PS We have an old victorian detached house with a family turning everything on when they want - and we keep the entire house at 19C for 20 hours a day in depth of winter - it does all work. So glad I did this.
Hi Stuart
Your figures are impressive and I cannot argue with the real data performance you have achieved. My point is that given what ASHP owners can achieve without a battery (I e. not the standard rate) then the TOU tariffs are not as attractive as they were. I was getting the 20% you’ve seen on line but more recently:
So I’d like to be convinced especially as I have the battery base built and the cables in place with plans for a sodium battery but uncertainty is the killer of investment decisions. Energy suppliers can help by programmes to guarantee low/zero bills like Octopus. In the meantime, perhaps I should spend the money to help build a local solar farm or similar or buy an EV for v2h when I need the next car.

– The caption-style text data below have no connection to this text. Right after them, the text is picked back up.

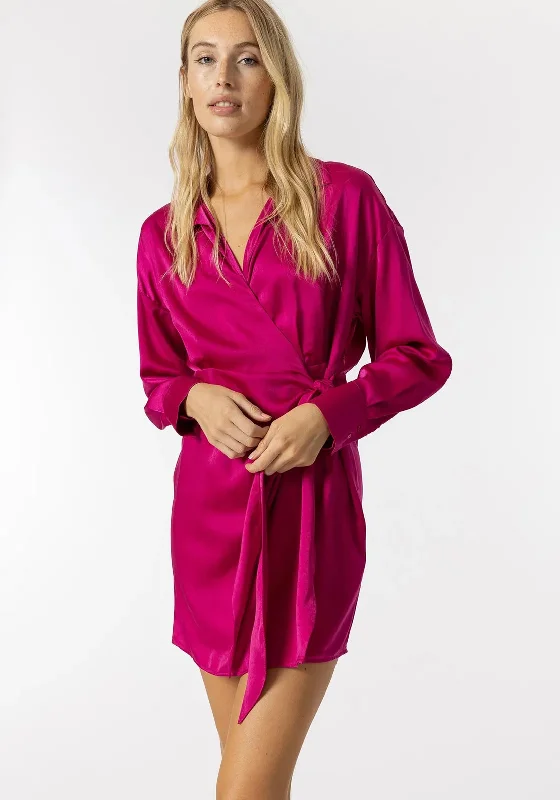 Tiffosi Satin Wrap Mini Dress, Pink Trendy Floral Mini Dress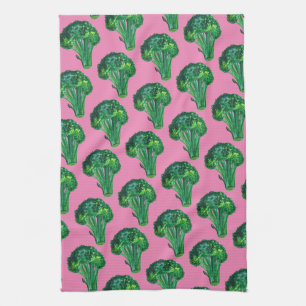 Big beautiful broccoli eat your veggies pink tea towel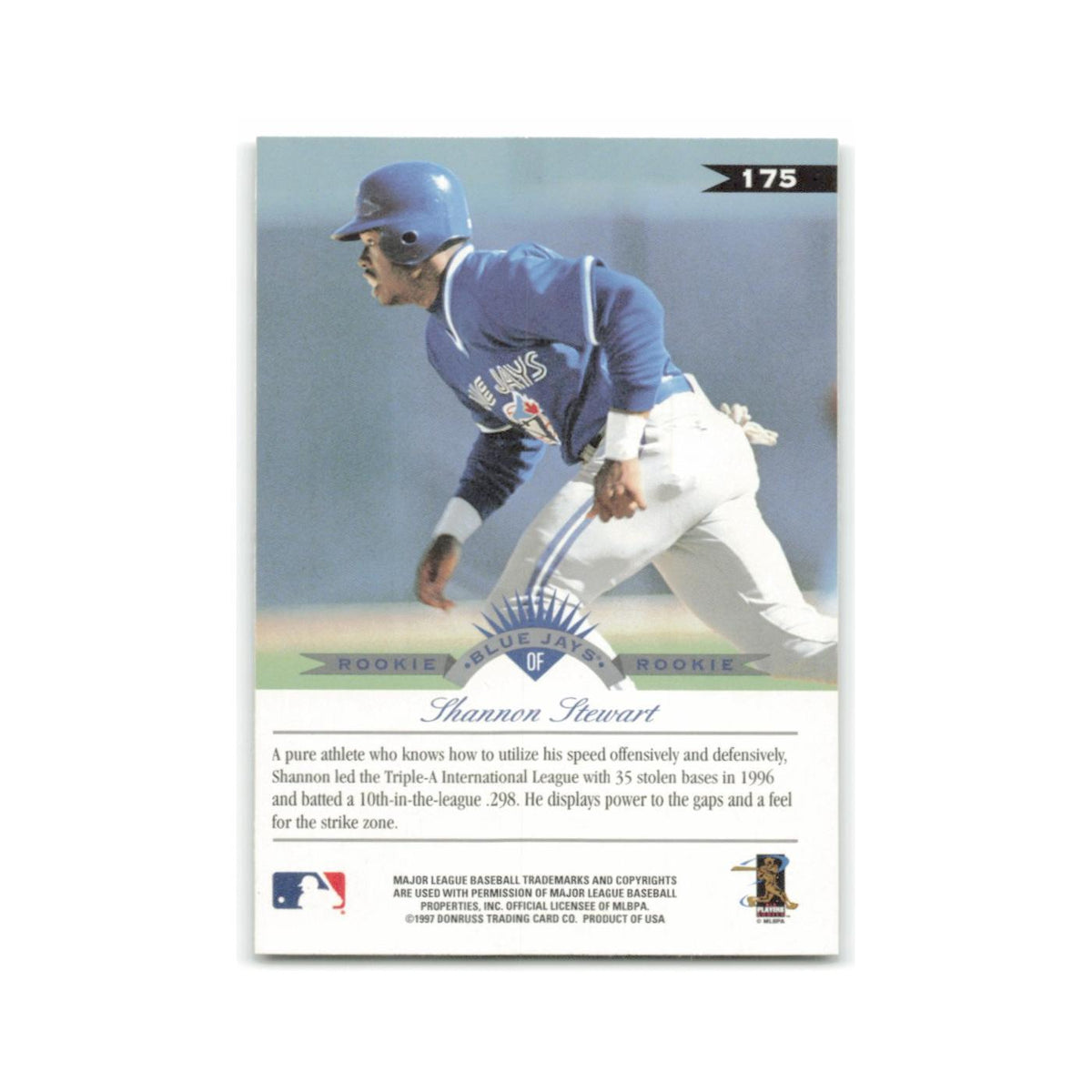 Shannon Stewart Rookie 1997 Leaf #175 Toronto Blue Jays Baseball Card NM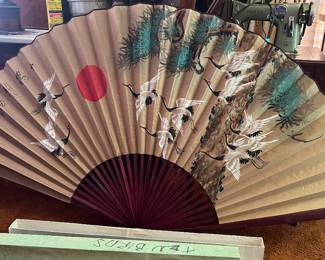 Vintage Japanese extra large decor fan
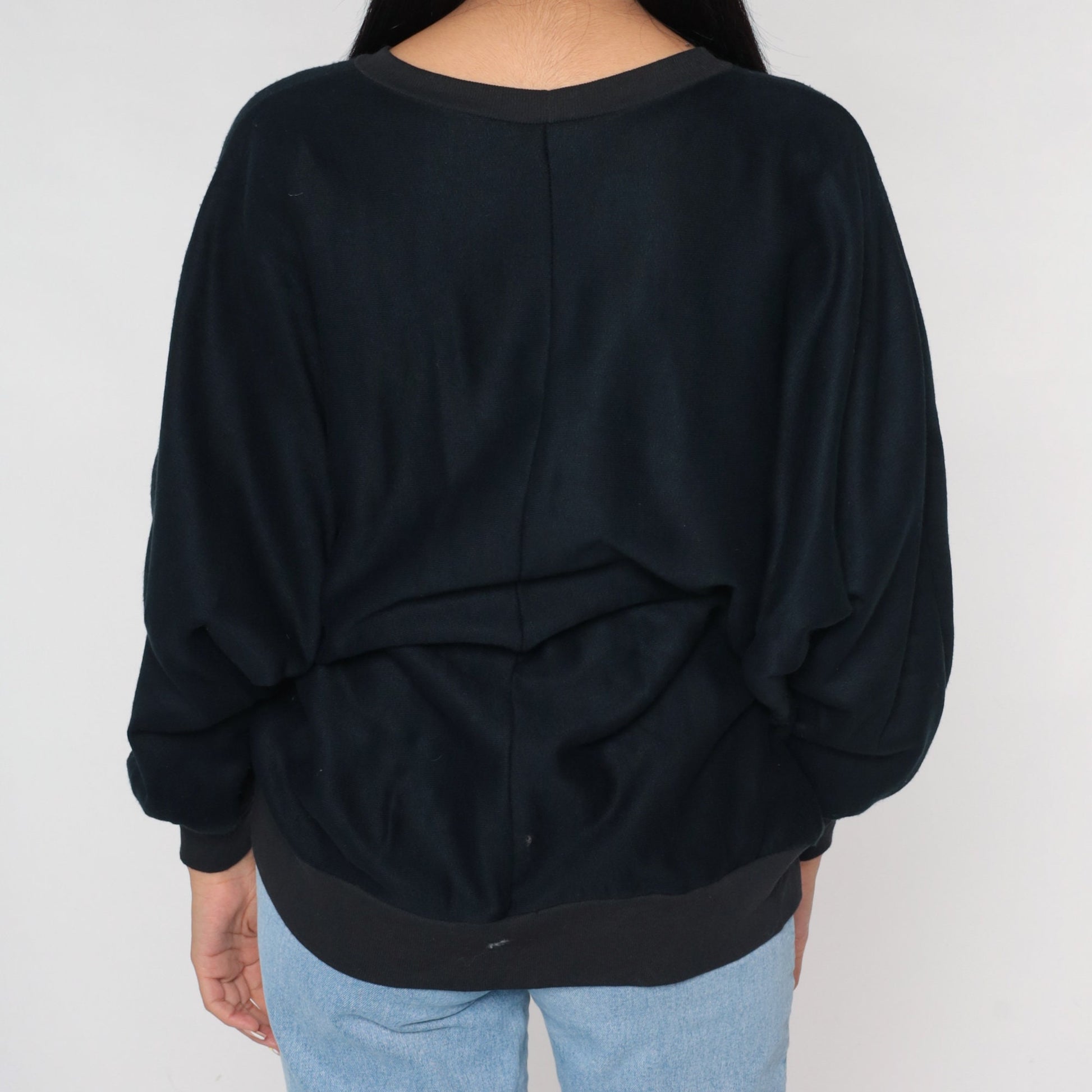 90s Black Sweatshirt Glitter Swirl Rhinestone Print Novelty Sweater Extra Large XXL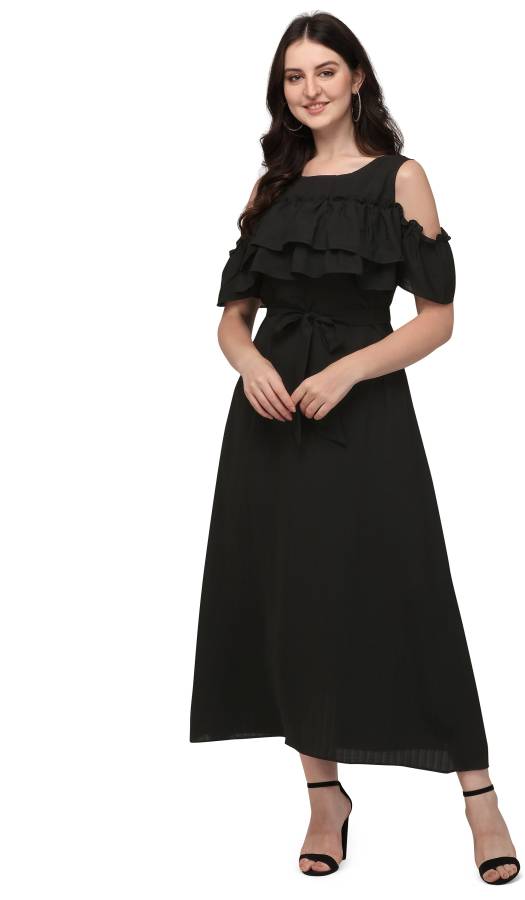 Women Maxi Black Dress Price in India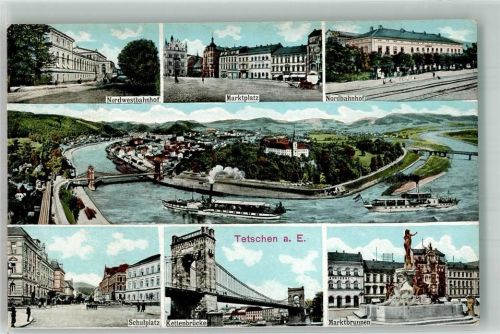 Decin Bahnhof Marktplatz Kettenbrücke Denkmal marktbrunnen Dampfer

Thanks again for your figures. Discussion and data helps make better decisions.
Hi Martin,
You raise a very good point about fixed flat rates and how we can take them into account in the investment decision. A 19p fixed discount is a great deal (for me eon has a 22p for 15 months but only if I switch, my existing provider it is a 25p fix). If we expect flat rates to stay relatively low then battery storage just for the ASHP is not an economic investment. But if you intend to use it for solar capture as well then it is certainly worth considering.
Interesting that you mention the National Grid may solve demand and distribution with large scale battery storage. If that happens everyones bills will go up to pay for it and maybe the purpose of TOU billing will eventually become superfluous. Only time will tell I guess.
Thanks for the useful discussion - lets hope electricity prices come down relative to fossil fuels for all our heat pump investments!
@designerguy @martin53 Interesting discussion.
A couple other factors that came into our decision to buy a battery:
Will we see the £7k cost of a Tesla PW3 back in 10 years - maybe, just. But that £7k sat in the bank at 4% only earns £280/year towards paying our bills whereas the PW3 saves/earns us double that.